Долго шумел оживленный, содержательный и очень интересный для Вукола общий разговор: все высказывались откровенно и безбоязненно: в деревне не было ни урядника, ни помещика, ни какого-либо другого «доносчика». Все были свои, и чтец тоже свой — внучонок деда Матвея, сын уважаемого всей округой Елизара, половина деревни приходилась родней чтецу, а все остальные знали его с пеленок.
Только когда уже расходились по домам, в сумерках, Иван Листратов, все время молча слушавший, облокотись на бочку, иронически усмехнулся в свою черную курчавую бороду и пробормотал как бы про себя, ни к кому не обращаясь и тоже уходя от избы Лаврентия:
— Тоже! На базаре, слышь, купил? Гм! Нет, это не то… это — оттуда! — И он кивнул куда-то вбок своей большой головой, выразительно подмигнув лукавым цыганским глазом. — Это от тех! В случае чего — за такое чтение не похвалют!
Через две недели, — Вукол читал за это время еще раза два, — приехал Кирилл и в тот же день пришел к нему «познакомиться поближе и позвать к себе».
— Слышал я о ваших литературных чтениях! — улыбаясь, сказал он, крепко сжимая руку Вукола. — Давно вас знаю и вашего отца знал: думаю, что нам с вами есть о чем поговорить, — я ведь тоже пробовал устраивать чтения, подобные вашим, давайте вместе будем продолжать… Не нужны вам книги? я кое-что привез с собой, кроме того, у моего брата имеется небольшая библиотечка, получаем газеты, журналы — могу поделиться!

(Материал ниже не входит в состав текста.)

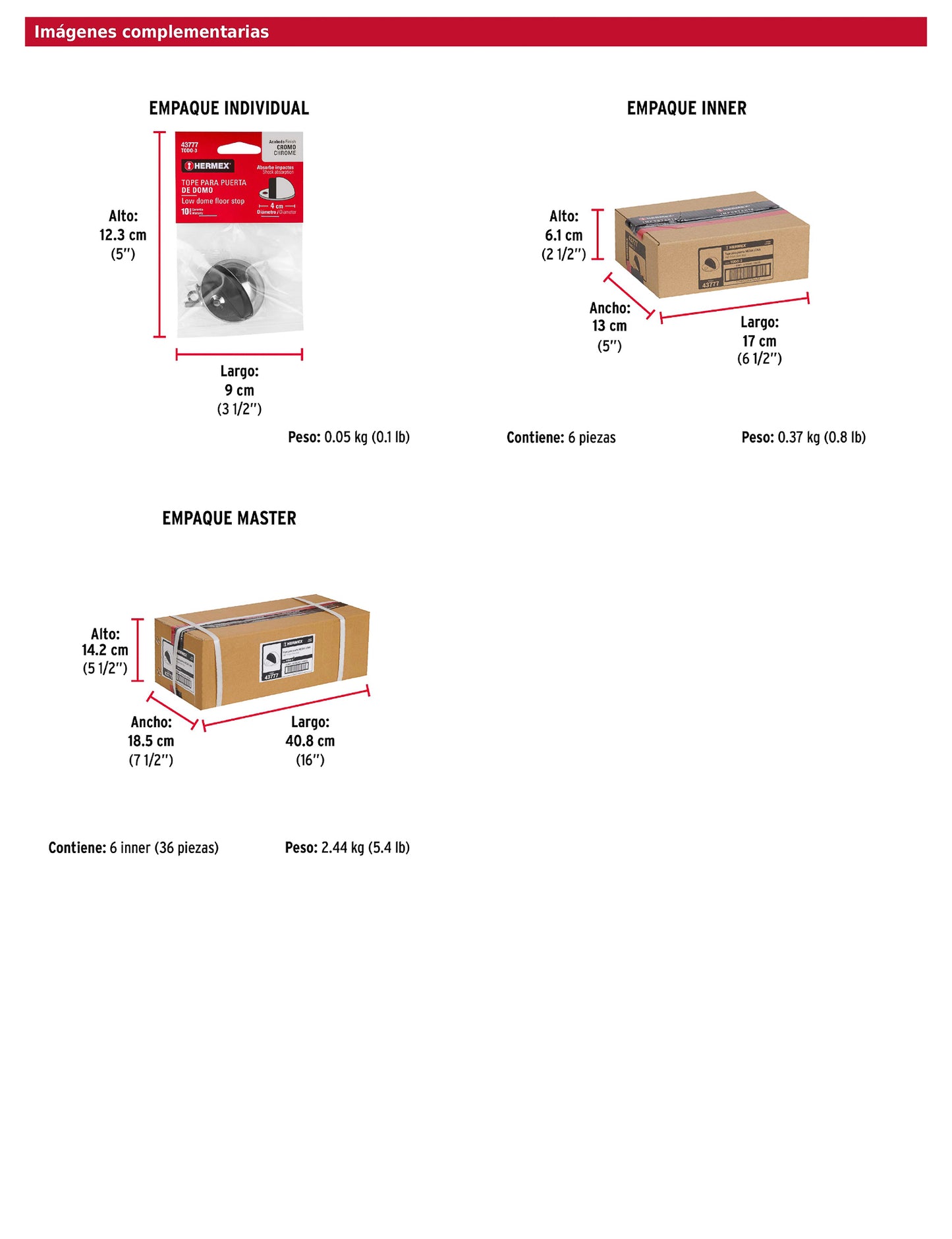 Tope tipo domo para puerta acabado cromo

С этого времени перед вечером каждого предпраздничного дня в течение лета к высокому крыльцу зажиточного дома Павла Листратова собиралось почти все население маленькой деревушки. Читали Вукол и Кирилл, сменяя друг друга. Вукол был хорошим чтецом, а Кирилл старался его перешибить: голос у него зычный обнаружился. Павел попрежнему «сочувствовал», но на собраниях не показывался.
Чтения и разговоры молодых своих просветителей, понюхавших высшего образования, деревня слушала охотно и внимательно, но оба они чувствовали, что все, о чем они читали и говорили, казалось ей чем-то отвлеченным, посторонним, несерьезным и как бы не обязательным для нее. Народ как будто с легким удивлением созерцал эту новую молодежь, из которой уже никто не будет землю пахать, молодежь, уходящую от деревенской земли к каменной жизни города.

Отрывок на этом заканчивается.